Supersaturated designs, in which the number of factors exceeds the number of runs, are often constructed under a heuristic criterion that measures a design's proximity to an unattainable orthogonal design. Such a criterion does not directly measure a design's quality in terms of screening. To address this disconnect, we develop optimality criteria to maximize the lasso's sign recovery probability. The criteria have varying amounts of prior knowledge about the model's parameters. We show that an orthogonal design is an ideal structure when the signs of the active factors are unknown.
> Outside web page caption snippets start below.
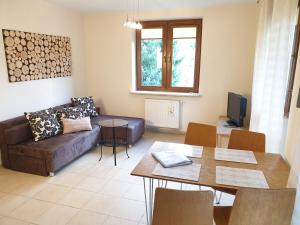 Posezení v ubytování PRESTIGE PARK apartament z tarasem i parkingiem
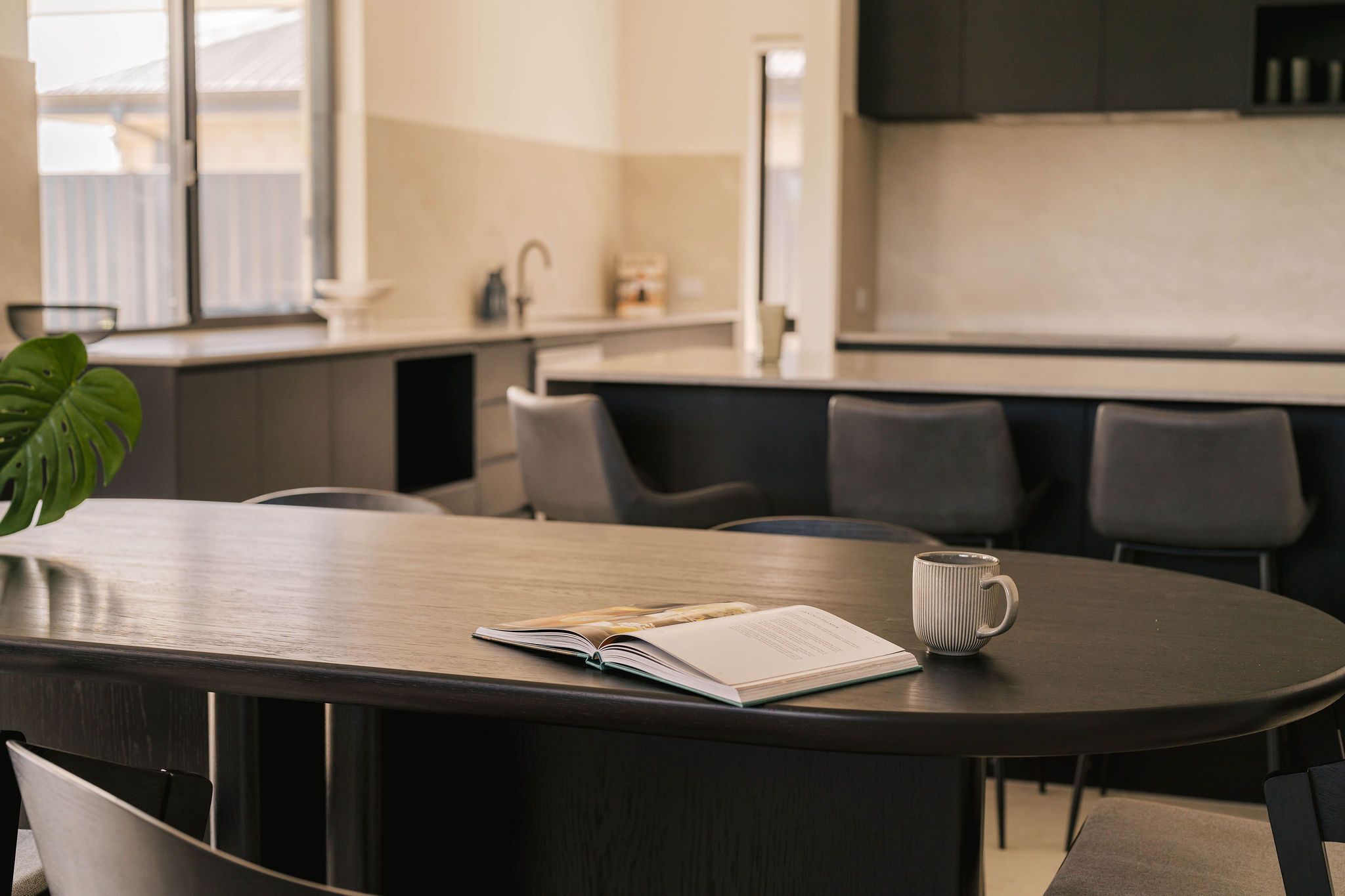 Open book and mug on a dark oval dining table in a modern kitchen.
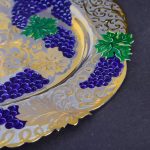 Gold dish with artistic pattern of bunches of grapes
When the signs are assumed known, we show that a design whose columns exhibit small, positive correlations are ideal. Such designs are sought after by the Var(s+)-criterion. These conclusions are based on a continuous optimization framework, which rigorously justifies the use of established heuristic criteria. From this justification, we propose a computationally-efficient design search algorithm that filters through optimal designs under different heuristic criteria to select the one that maximizes the sign recovery probability under the lasso.
翻译:翻译后的摘要:
超饱和设计中,因子数量超过运行次数,常常被构建为一个启发式标准下的近似无法达成的正交设计。这样的标准并没有直接衡量一个设计在筛选方面的质量。为了解决这种脱节,我们开发了优化标准,最大化 Lasso 的符号恢复概率。这些标准对模型参数有不同程度的先验知识。我们表明,当活动因子的符号未知时,正交设计是理想的结构。当符号已知时,我们表明,具有小的正相关性的列的设计是理想的。这样的设计是 Var(s+)-criterion 寻求的。这些结论基于连续优化框架,严格证明了使用已建立的启发式标准的理由。基于这个证明,我们提出了一个计算高效的设计搜索算法,该算法通过不同的启发式标准过滤出最佳的设计,以最大化 Lasso 中的符号恢复概率。